Take the data below and extract the lines from the one with "Cheerful Bird Group - Colourful Decoration" to the one with "Pièce de 1 centime avec lion et épée", inclusive, exactly as written.

========================

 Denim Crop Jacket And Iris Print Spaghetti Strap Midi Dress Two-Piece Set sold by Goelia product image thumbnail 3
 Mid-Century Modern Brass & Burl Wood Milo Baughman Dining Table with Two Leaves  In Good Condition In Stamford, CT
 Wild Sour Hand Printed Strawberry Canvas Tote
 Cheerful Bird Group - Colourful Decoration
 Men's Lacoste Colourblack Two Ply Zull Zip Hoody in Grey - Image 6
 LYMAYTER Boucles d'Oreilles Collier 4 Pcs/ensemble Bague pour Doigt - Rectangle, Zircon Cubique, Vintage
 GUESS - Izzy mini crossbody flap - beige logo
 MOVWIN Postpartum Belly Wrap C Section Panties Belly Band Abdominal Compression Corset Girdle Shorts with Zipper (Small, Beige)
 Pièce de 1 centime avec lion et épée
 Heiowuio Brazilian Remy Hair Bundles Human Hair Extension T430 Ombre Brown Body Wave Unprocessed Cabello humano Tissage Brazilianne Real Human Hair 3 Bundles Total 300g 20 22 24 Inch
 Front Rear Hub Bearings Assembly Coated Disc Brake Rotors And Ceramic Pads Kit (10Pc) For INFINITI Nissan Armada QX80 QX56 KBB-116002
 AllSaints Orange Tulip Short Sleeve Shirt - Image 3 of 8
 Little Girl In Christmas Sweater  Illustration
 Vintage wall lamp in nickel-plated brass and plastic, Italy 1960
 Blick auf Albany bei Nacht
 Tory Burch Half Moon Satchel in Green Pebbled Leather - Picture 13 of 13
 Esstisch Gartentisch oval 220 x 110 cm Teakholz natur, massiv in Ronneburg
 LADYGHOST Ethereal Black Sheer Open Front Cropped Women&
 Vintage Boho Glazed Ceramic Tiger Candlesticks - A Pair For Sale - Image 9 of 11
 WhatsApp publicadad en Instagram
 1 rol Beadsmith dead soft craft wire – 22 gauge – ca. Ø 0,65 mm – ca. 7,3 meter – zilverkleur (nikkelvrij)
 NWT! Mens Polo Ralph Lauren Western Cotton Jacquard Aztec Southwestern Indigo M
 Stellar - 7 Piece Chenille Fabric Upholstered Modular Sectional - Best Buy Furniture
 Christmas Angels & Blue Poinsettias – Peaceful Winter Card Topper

========================

◆ **Exercise result**:
 Cheerful Bird Group - Colourful Decoration
 Men's Lacoste Colourblack Two Ply Zull Zip Hoody in Grey - Image 6
 LYMAYTER Boucles d'Oreilles Collier 4 Pcs/ensemble Bague pour Doigt - Rectangle, Zircon Cubique, Vintage
 GUESS - Izzy mini crossbody flap - beige logo
 MOVWIN Postpartum Belly Wrap C Section Panties Belly Band Abdominal Compression Corset Girdle Shorts with Zipper (Small, Beige)
 Pièce de 1 centime avec lion et épée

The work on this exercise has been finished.